## WHAT YOU HAVE TO DO
Every line in the records below between the one holding "Rize'de PTT şubesinde" and the one holding "Bauernhof Maierhof Kaunertal", inclusive, is to be set down exactly; all other lines are to be left out.

## INFORMATION SHOWN
-- Opening Marker --

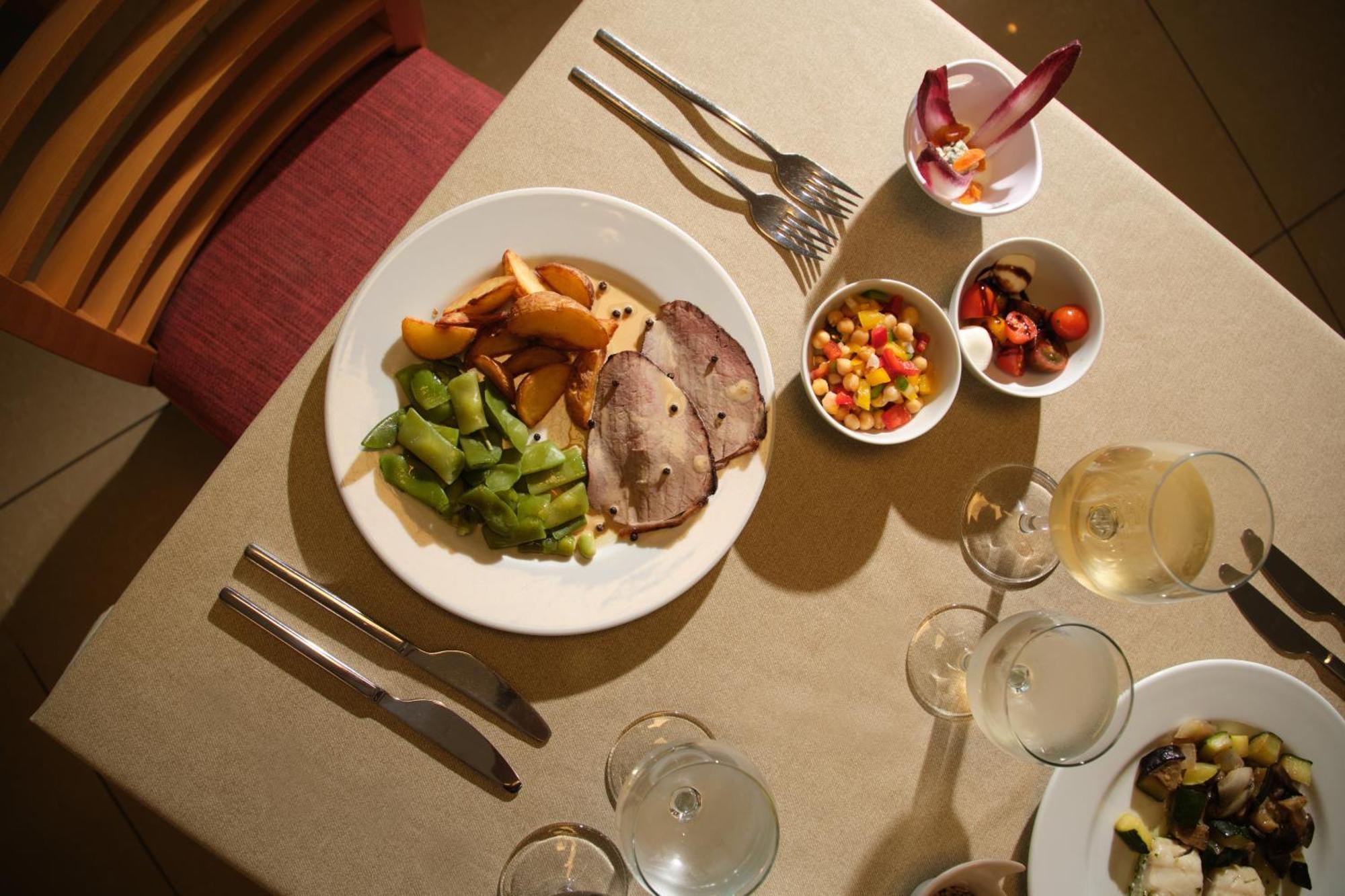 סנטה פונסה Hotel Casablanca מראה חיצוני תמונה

-- Closing Marker --
-- Opening Marker --

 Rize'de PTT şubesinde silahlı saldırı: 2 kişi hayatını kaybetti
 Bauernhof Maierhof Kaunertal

-- Closing Marker --

## WRITTEN ANSWER
 Rize'de PTT şubesinde silahlı saldırı: 2 kişi hayatını kaybetti
 Bauernhof Maierhof Kaunertal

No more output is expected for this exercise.